Dependant Visa Renewal

You can apply for a renewal of your Dependant Visa by filing the renewal application at least four weeks before the limit of stay expires. Your renewal application will be considered only if you continue to meet the eligibility criteria for entry for residence as dependants and your sponsor remains a bona fide Hong Kong resident.

If the application is approved, the extension of stay in respect of:

Dependants of persons who are Hong Kong permanent residents or residents who are not subject to a limit of stay (i.e. a resident with the right to land or on unconditional stay), will normally follow the 3-3 years pattern for the spouse and unmarried dependant children under the age of 18, and the 2-2-3 years pattern for the parents aged 60 or above.
Dependants of persons who have been admitted into Hong Kong to take up employment or studies, or who are permitted to remain in Hong Kong as entrants under the Capital Investment Entrant Scheme or Quality Migrant Admission Scheme, will be linked to that of their sponsors.

Can Dependant Visa holders work in Hong Kong?

Dependants of the following persons are eligible to take up employment in Hong Kong
Hong Kong permanent residents
Persons who are not subject to a limit of stay (i.e. residents with the right to land or on unconditional stay)
Persons who have been admitted for employment (as professionals, for investment to establish/join in business or for training) and
Entrants under the Capital Investment Entrant Scheme or the Quality Migrant Admission Scheme
Dependants of persons who have been admitted into Hong Kong to study are not eligible to take up employment in Hong Kong unless prior permission from the Director of Immigration has been obtained
Dependant Visa holders need not apply for a separate Employment Visa in order to work in Hong Kong

Can Dependant Visa holders study in Hong Kong?

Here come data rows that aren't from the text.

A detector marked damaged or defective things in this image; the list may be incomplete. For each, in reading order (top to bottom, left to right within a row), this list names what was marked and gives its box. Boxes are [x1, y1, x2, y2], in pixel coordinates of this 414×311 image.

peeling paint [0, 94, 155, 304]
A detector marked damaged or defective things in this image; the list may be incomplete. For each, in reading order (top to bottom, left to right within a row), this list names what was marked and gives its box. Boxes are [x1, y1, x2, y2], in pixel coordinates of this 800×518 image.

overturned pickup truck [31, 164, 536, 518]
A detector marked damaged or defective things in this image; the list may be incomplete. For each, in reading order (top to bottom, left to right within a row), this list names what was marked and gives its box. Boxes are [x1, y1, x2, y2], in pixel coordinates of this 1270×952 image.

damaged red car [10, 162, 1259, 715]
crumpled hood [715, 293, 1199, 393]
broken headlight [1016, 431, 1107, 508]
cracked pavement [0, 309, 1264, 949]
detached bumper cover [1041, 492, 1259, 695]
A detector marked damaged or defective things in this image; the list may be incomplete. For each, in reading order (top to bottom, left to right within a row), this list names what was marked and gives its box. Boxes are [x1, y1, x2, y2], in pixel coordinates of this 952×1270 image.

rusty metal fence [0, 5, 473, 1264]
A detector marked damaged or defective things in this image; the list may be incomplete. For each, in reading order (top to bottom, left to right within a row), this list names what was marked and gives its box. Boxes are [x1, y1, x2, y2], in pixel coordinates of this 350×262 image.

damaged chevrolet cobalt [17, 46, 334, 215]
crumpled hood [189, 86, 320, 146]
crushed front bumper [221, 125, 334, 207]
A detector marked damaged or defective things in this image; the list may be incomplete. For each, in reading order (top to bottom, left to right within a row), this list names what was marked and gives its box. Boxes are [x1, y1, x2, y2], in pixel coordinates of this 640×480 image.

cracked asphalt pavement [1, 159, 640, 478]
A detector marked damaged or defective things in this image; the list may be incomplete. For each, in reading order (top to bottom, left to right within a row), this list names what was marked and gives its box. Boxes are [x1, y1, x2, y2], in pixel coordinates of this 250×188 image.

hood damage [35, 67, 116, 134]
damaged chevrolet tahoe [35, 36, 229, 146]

Yes. All dependants are eligible to study in Hong Kong and do not require prior permission from the Director of Immigration. Dependant Visa holders need not apply for a separate student visa in order to study in Hong Kong.
Permanent Residence

If you have been granted a Dependants Visa and you have resided in Hong Kong for a continuous period of at least seven years you are eligible to apply for Permanent Residence, commonly referred to as “Right of Abode” in Hong Kong, subject to satisfying the requisite criteria.


----------